En février, le chômage a de nouveau connu un pic avec 154.058 demandeurs d'emploi supplémentaires par rapport à janvier. Au total, fin février, l'Espagne comptait 3.481.859 personnes au chômage, un record depuis au moins 1996, date du début du calcul du nombre de demandeurs d'emplois selon cette méthodologie. Le nombre de chômeurs a également fortement progressé sur un an, avec 1,66 million de chômeurs de plus qu'en février 2008, soit une hausse de 50,28%. Et selon le gouvernement, le taux de chômage devrait atteindre 15,9% à la fin de l'année, soit exactement le double de celui de l'été 2007 (7,95%) quand il avait touché un niveau plancher.

Après plus de dix ans de forte croissance économique, alimentée notamment par une activité frénétique dans le secteur immobilier, l'Espagne a brutalement plongé dans la crise économique et est entrée en récession fin 2008. Le taux de chômage espagnol, publié chaque trimestre, illustre aussi la détérioration du marché du travail. Il a atteint 13,91% de la population active au quatrième trimestre 2008, le plus élevé de l'Union européenne. Selon les chiffres de l'office européen des statistiques Eurostat, le taux de chômage espagnol s'est élevé à 14,8% en janvier, le plus élevé de la zone euro.

Par secteurs en février, les services ont été particulièrement touchés, avec 88.654 chômeurs supplémentaires, soit 4,64% de plus qu'en janvier, suivis par la construction (+24.600 chômeurs, en hausse de 4,05% sur janvier) et l'industrie (+22.343 chômeurs, 5,18% de plus). L'Espagne comptait fin février 1,75 million d'hommes au chômage, 82.734 de plus que le mois précédent, et 1,73 de femmes sans emploi (71.324 de plus).

Les entreprises du bâtiment et les constructeurs automobiles implantés en Espagne multiplient les mesures de chômage technique ou de réductions d'effectifs. Il faut avouer que l'automobile espagnole se porte particulièrement mal. Le marché a continué sa plongée, avec pratiquement deux fois mois d'immatriculations de voitures neuves en février qu'il y a un an.

Et les apparentes bonnes nouvelles en cachent de mauvaises. Par exemple, le déficit commercial de l'Espagne s'est réduit de 29,5% sur un an au mois de décembre 2008, à près de 7 milliards d'euros, et a enregistré un recul de 4,9% sur l'ensemble de 2008, première baisse depuis 2002. Une situation qui est due au violent coup de frein des importations et non à la hausse des exportations de produits espagnols. Au cours du seul mois de décembre, les exportations ont reculé de 7,4% à 13,1 milliards d'euros, alors que les importations ont affiché un repli de 16,5% à 20 milliards d'euros.

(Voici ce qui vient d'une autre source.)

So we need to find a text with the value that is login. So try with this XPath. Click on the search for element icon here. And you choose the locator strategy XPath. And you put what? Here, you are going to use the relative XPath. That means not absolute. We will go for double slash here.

Certes, l'Espagne compte toujours sur plusieurs atouts: un système bancaire solide ou de saines finances publiques, héritées des excédents engrangés ces dernières années. Pour autant, les comptes publics de l'Espagne ont été déficitaires en 2008 à hauteur de 41,8 milliards d'euros, soit 3,8% du produit intérieur brut (PIB), pour la première fois dans le rouge après trois exercices excédentaires, selon le gouvernement. Raison pour laquelle l'Espagne figure parmi les pays visés par les procédures de la Commission européenne pour déficit excessif. En 2007, les comptes publics (administration centrale, collectivités, Sécurité sociale) avaient enregistré un excédent de 2,2% du PIB.

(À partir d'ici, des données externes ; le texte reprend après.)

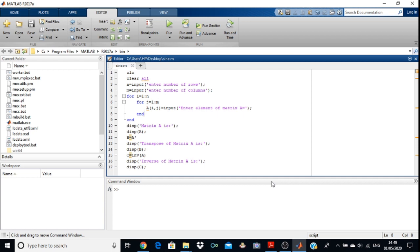The first two commands are clc and clear all. clc will clear your command window whereas clear all will clear all content stored in the workspace. Next we have defined two variables: N and M. N indicates number of rows and M indicates number of columns. This is a generalized program written for any size of matrix — M by N, where N is number of rows and M is number of columns.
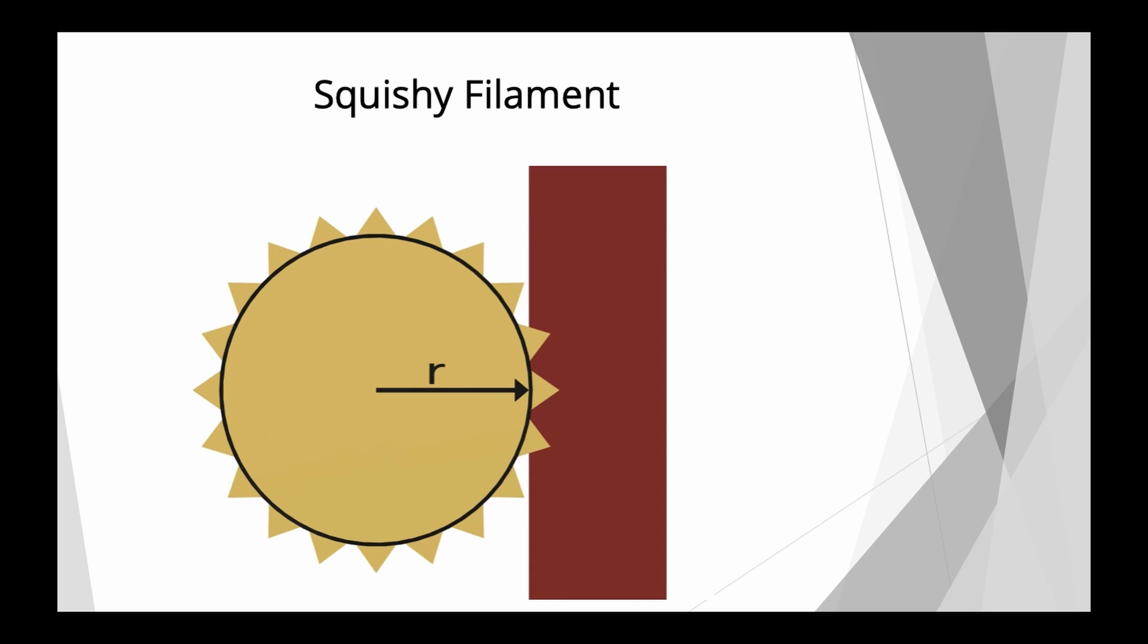However, since we do not have ideal filaments and filaments do not behave ideally, we have an effect, as I call it, squishiness of the filament, where the idler pushes the filament onto the drive gear. And since this filament is more soft, it's pushed deeper into the teeth of your drive gear. And as such, the contact radius or the effective radius is smaller, which gives you a higher steps per millimeter value.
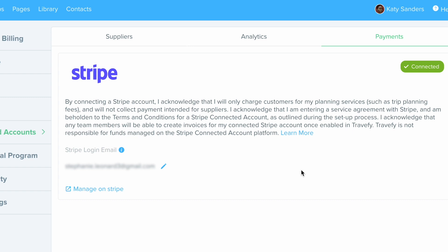Now, we're not going to go through the whole process right now, but it is a very simple process to set your Stripe account up and Stripe will just do a vetting process on their end, which can take anywhere from 24 hours or less and sometimes a couple business days. But once you're set up, it will appear like this and it'll say it's connected and you're good to go using invoicing through Travify.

Pour 2009, le gouvernement prévoit des déficits publics représentant 5,8% du PIB, notamment à cause des mesures de relance de l'économie qu'il va mettre en oeuvre. Il s'attend à une contraction du PIB de 1,6%. La dette publique de l'Espagne reste, elle, nettement inférieure à la moyenne européenne, et était de 39,4% du PIB en 2008, en progression de trois points sur 2007, selon le ministère de l'Economie.